February 13th, 2025, 15:23
It's not an obsession, it's learning about 2.5" HDDs and the serious problems of demagnetization and bit rot.
February 13th, 2025, 19:32
woodtoy wrote:It's not an obsession, it's learning about 2.5" HDDs and the serious problems of demagnetization and bit rot.
If you say so ..
February 15th, 2025, 13:08
operating temperature, storage temperature, humidity, age (manufactured in 2010) on 2.5" and 3.5" HDDs all cause long term demagnetization and bit rot of these HDDs?
February 15th, 2025, 15:10
Yes. Affirmative.
February 25th, 2025, 7:55
Some people say that humidity and high temperature (34-36C, 57-67%) causes demagnetization and bit rot in 2.5" HDDs, other people say that it does not and that only strong magnets cause these problems, what is the truth?
February 25th, 2025, 11:52
Some people say that humidity and high temperature (34-36C, 57-67%) causes demagnetization and bit rot in 2.5" HDDs
They're probably right. Do they also tell the speed of these processes, before they become a problem? Days? Weeks? Years?

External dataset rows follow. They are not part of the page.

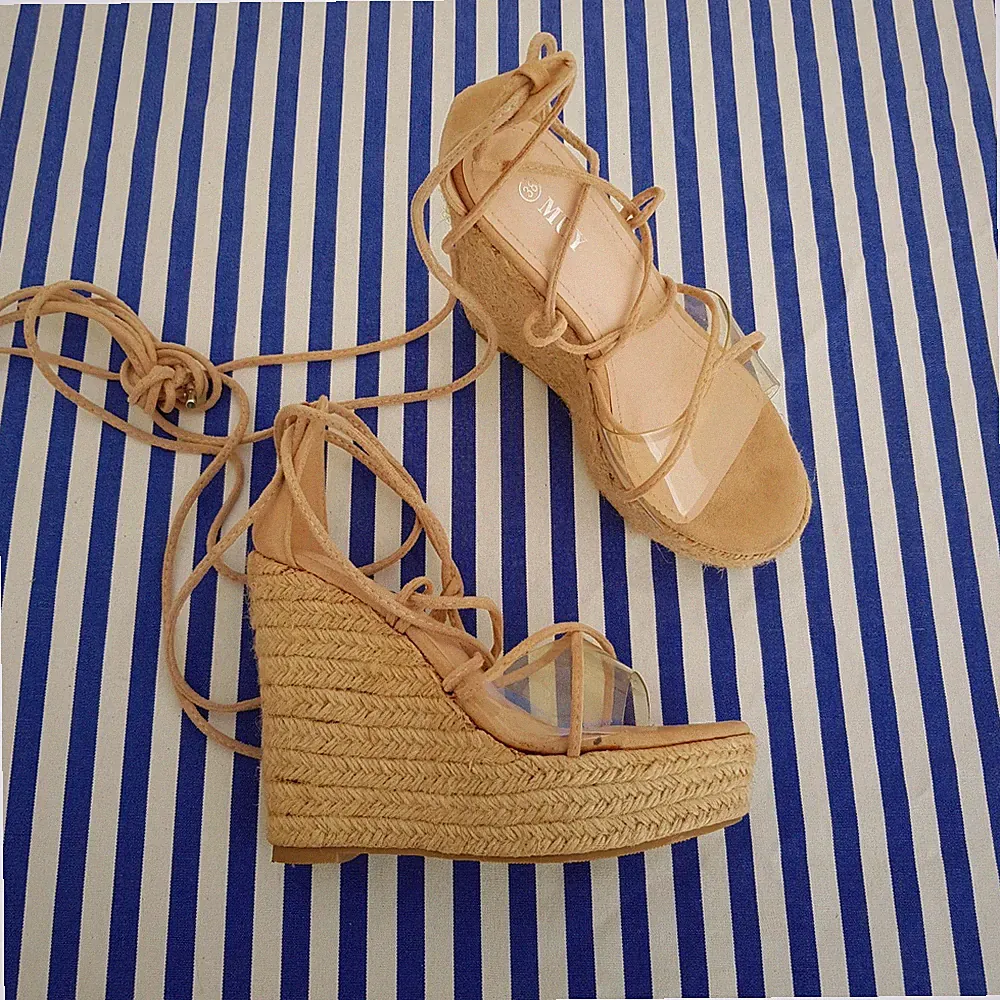 Coole Sandalen von Muy, 38, beigerosa, beige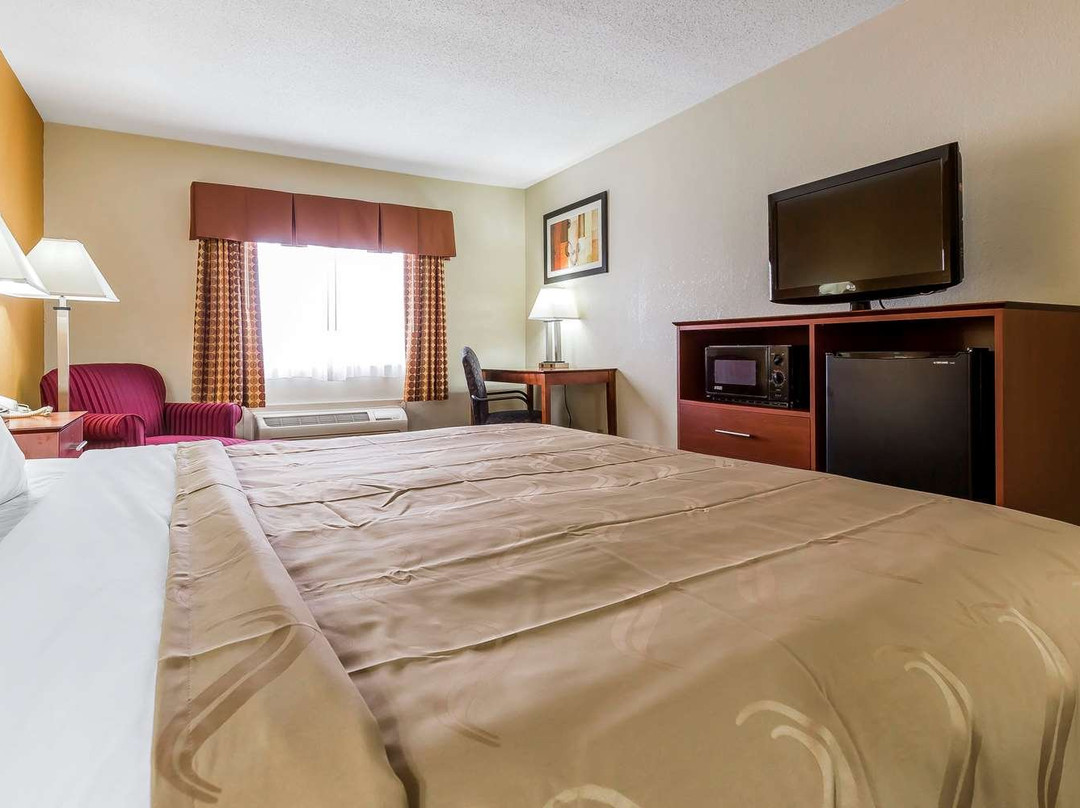 Quality Inn Sycamore - DeKalb主图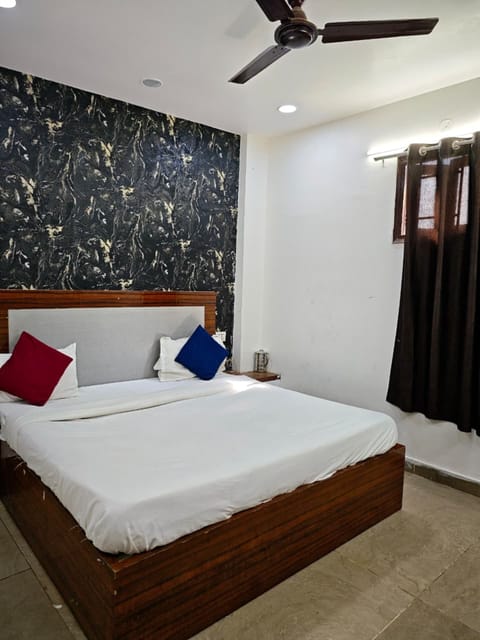 Deluxe Room | Rollaway beds, free WiFi, bed sheets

What problem are you trying to solve / answer? If it's okay to buy old (refurbished) hard drives and rely on them?
April 5th, 2025, 8:28
Will long-term storage of 2.5" HDD at 34-36C and 58-68% humidity cause demagnetization of the platters? demagnetize corrupt files
April 5th, 2025, 10:06
woodtoy wrote:demagnetize corrupt files
Try restart your chat bot, this makes no sense.
April 5th, 2025, 11:38
You still haven't answered the question about storage temperature and demagnetization of 2.5" laptop HDDs
April 7th, 2025, 1:24
This is what AI is bringing us, people.
April 7th, 2025, 5:09
woodtoy wrote:You still haven't answered the question about storage temperature and demagnetization of 2.5" laptop HDDs
Your initial question makes zero sense.
operating temperature, storage temperature, humidity, age (manufactured in 2010) on 2.5" and 3.5" HDDs all cause long term demagnetization and bit rot of these HDDs?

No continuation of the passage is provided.